Another adult brain dataset available is the Hemibrain, generated as a collaboration between the Janelia FlyEM team and Google. This dataset is an incomplete but large section of the fly central brain. It was collected using focused ion beam scanning electron microscopy (FIB-SEM) which generated an 8 nm isotropic dataset, then automatically segmented using a flood-filling network before being manually proofread by a team of experts. This dataset is also publicly available and searchable on a platform called neuPrint. Members of the fly connectomics community have made an effort to match cell types between FlyWire and the Hemibrain. They have found that at first pass, 61% of Hemibrain types are found in the FlyWire dataset and, out of these consensus cell types, 53% of “edges” from one cell type to another can be found in both datasets (but edges connected by at least 10 synapses are much more consistently found across datasets).
There are also currently two publicly available datasets of the adult fly ventral nerve cord (VNC).

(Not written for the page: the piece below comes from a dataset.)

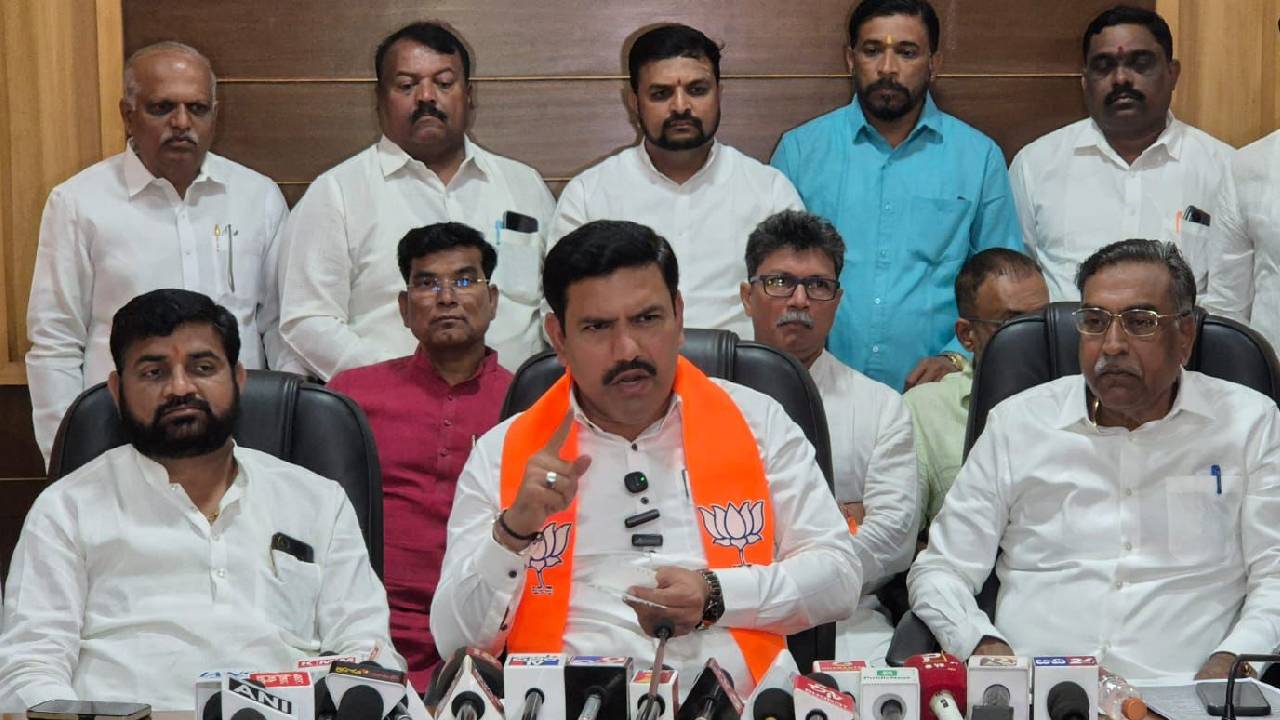 ಅಕ್ರಮ ವಲಸಿಗರಿಗೆ ಮನೆ; ಬೃಹತ್ ಹೋರಾಟಕ್ಕೆ ಮುಂದಾದ ಬಿಜೆಪಿ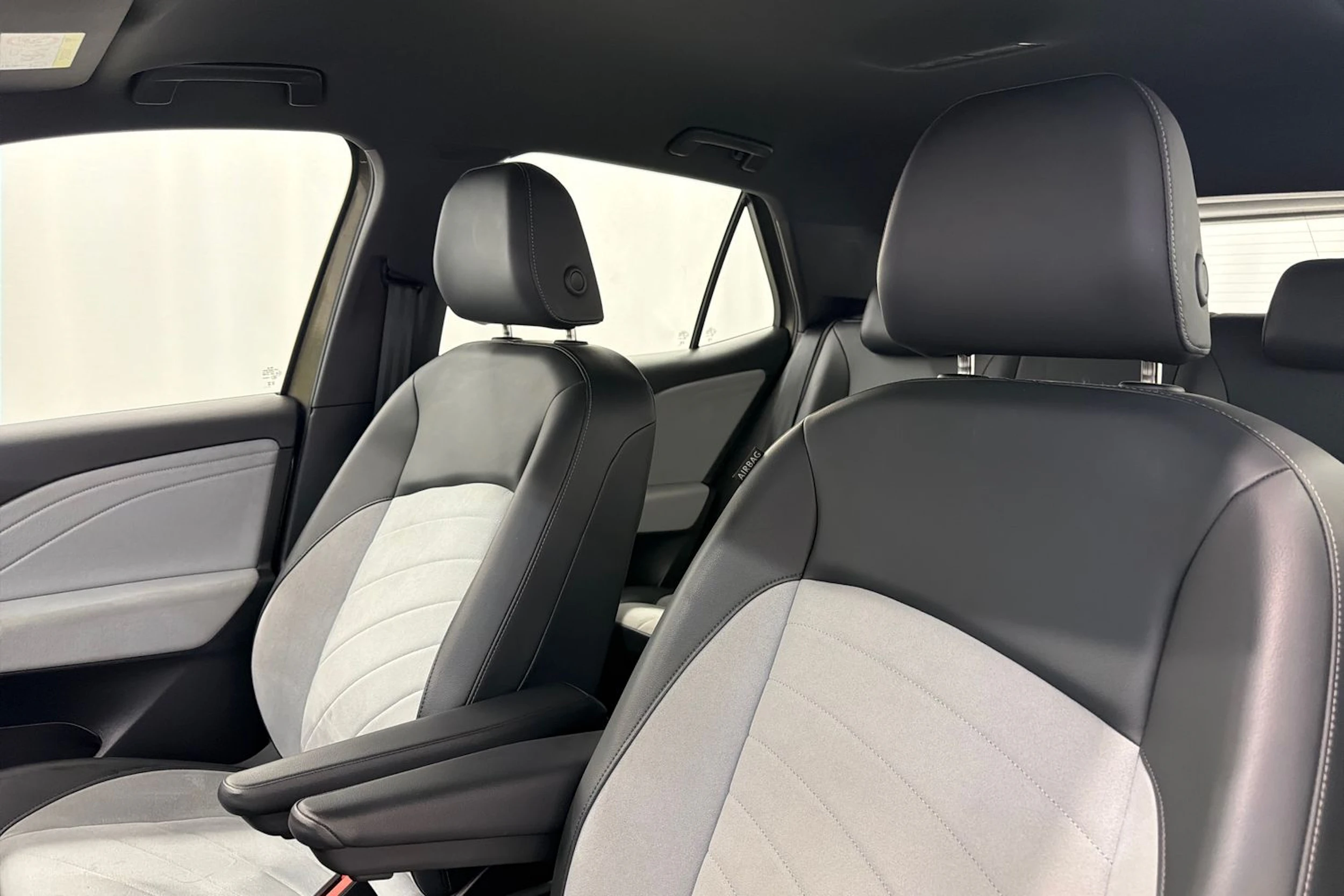 vihreä Volkswagen ID.3 2024 kuva 30.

The female adult nerve cord (FANC) was collected using high-throughput ssTEM by Dr. Wei-Chung Allen Lee’s lab at Harvard Medical School. It then underwent automatic segmentation and synapse prediction using CNNs, and researchers at Harvard and the University of Washington mapped motor neurons with cell bodies in the VNC to their muscular targets by cross-referencing between the EM dataset, a high-resolution nanotomography image volume of the fly leg, and sparse genetic lines to label individual neurons with fluorescent proteins. The FANC dataset is currently partially proofread and annotated. The male adult nerve cord (MANC) was collected and segmented at Janelia using FIB-SEM and flood-filling network protocols modified from the Hemibrain pipeline. In a collaboration between researchers at Janelia, Google, the University of Cambridge, and the MRC Laboratory of Molecular Biology (LMB), it is fully proofread and annotated with cell types and other properties, and searchable on neuPrint.
The connectome of a complete central nervous system (connected brain and VNC) of a 1st instar D. melanogaster larva has been collected as a single volume. This was once again undertaken at Janelia using FIB-SEM, similarly to the Hemibrain data collection. This dataset of 3016 neurons was segmented and annotated manually using CATMAID by a team of people mainly led by researchers at Janelia, Cambridge, and the MRC LMB.
= Mouse
=An online database known as MouseLight displays over 1000 neurons mapped in the mouse brain based on a collective database of sub-micron resolution images of these brains. This platform illustrates the thalamus, hippocampus, cerebral cortex, and hypothalamus based on single-cell projections. Imaging technology to produce this mouse brain does not allow an in-depth look at synapses but can show axonal arborizations which contain many synapses. A limiting factor to studying mouse connectomes, much like with humans, is the complexity of labeling all the cell types of the mouse brain; This is a process that would require the reconstruction of 100,000+ neurons and the imaging technology is advanced enough to do so.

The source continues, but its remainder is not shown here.